A Sociology of Generations and Social Change? From Passive to Active Generations (L4075A)

15 credits, Level 5

Autumn teaching

From anti-gun high-school students in the US to Greta Thunberg’s climate campaigning, the ‘post-millennial’ generation is seemingly taking the lead in promoting social and political change. So, why have sociologists paid so little attention to the role of generations in social change?

You’ll investigate the reasons for sociology’s frequent neglect of generations using theorists such as Karl Mannheim and Pierre Bourdieu. We explore topics such as:

  • the role of generational movements in social change
  • conflicting views on what shapes and unifies generations
  • evidence for active/passive alternation linked to processes of generational ‘closure’
  • whether the environmentalist orientation of today’s younger generation comes from the politics of privilege
  • whether millennials’ mobilisation around global poverty has given way to a post-millennial concern about ecology that is more passively oriented.

A range of case studies underpins your theoretical study, including:

  • generations’ role in nation-building
  • the role of ‘marginal’ generations, such as women and ethnic minorities, in changing exclusionary social arrangements
  • whether it’s possible to conceive of a global generation effecting global social change.


50%: Lecture
50%: Seminar


100%: Coursework (Essay)

Contact hours and workload

This module is approximately 150 hours of work. This breaks down into about 30 hours of contact time and about 120 hours of independent study. The University may make minor variations to the contact hours for operational reasons, including timetabling requirements.

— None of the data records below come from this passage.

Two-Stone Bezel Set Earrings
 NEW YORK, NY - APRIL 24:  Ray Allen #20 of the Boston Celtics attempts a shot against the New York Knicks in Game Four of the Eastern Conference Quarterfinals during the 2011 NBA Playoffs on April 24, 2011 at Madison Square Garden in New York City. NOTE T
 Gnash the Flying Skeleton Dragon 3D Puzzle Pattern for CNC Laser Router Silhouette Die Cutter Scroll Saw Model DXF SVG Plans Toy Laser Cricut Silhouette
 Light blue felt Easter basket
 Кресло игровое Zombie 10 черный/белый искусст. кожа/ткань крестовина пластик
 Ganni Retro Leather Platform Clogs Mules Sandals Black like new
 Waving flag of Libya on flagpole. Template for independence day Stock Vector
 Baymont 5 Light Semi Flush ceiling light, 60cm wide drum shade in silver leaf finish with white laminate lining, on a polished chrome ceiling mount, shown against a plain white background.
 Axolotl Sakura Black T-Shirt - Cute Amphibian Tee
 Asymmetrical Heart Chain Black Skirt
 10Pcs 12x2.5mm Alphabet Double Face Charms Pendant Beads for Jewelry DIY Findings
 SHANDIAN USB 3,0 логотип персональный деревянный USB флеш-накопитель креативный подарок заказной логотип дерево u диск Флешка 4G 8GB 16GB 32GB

We regularly review our modules to incorporate student feedback, staff expertise, as well as the latest research and teaching methodology. We’re planning to run these modules in the academic year 2023/24. However, there may be changes to these modules in response to COVID-19, staff availability, student demand or updates to our curriculum. We’ll make sure to let our applicants know of material changes to modules at the earliest opportunity.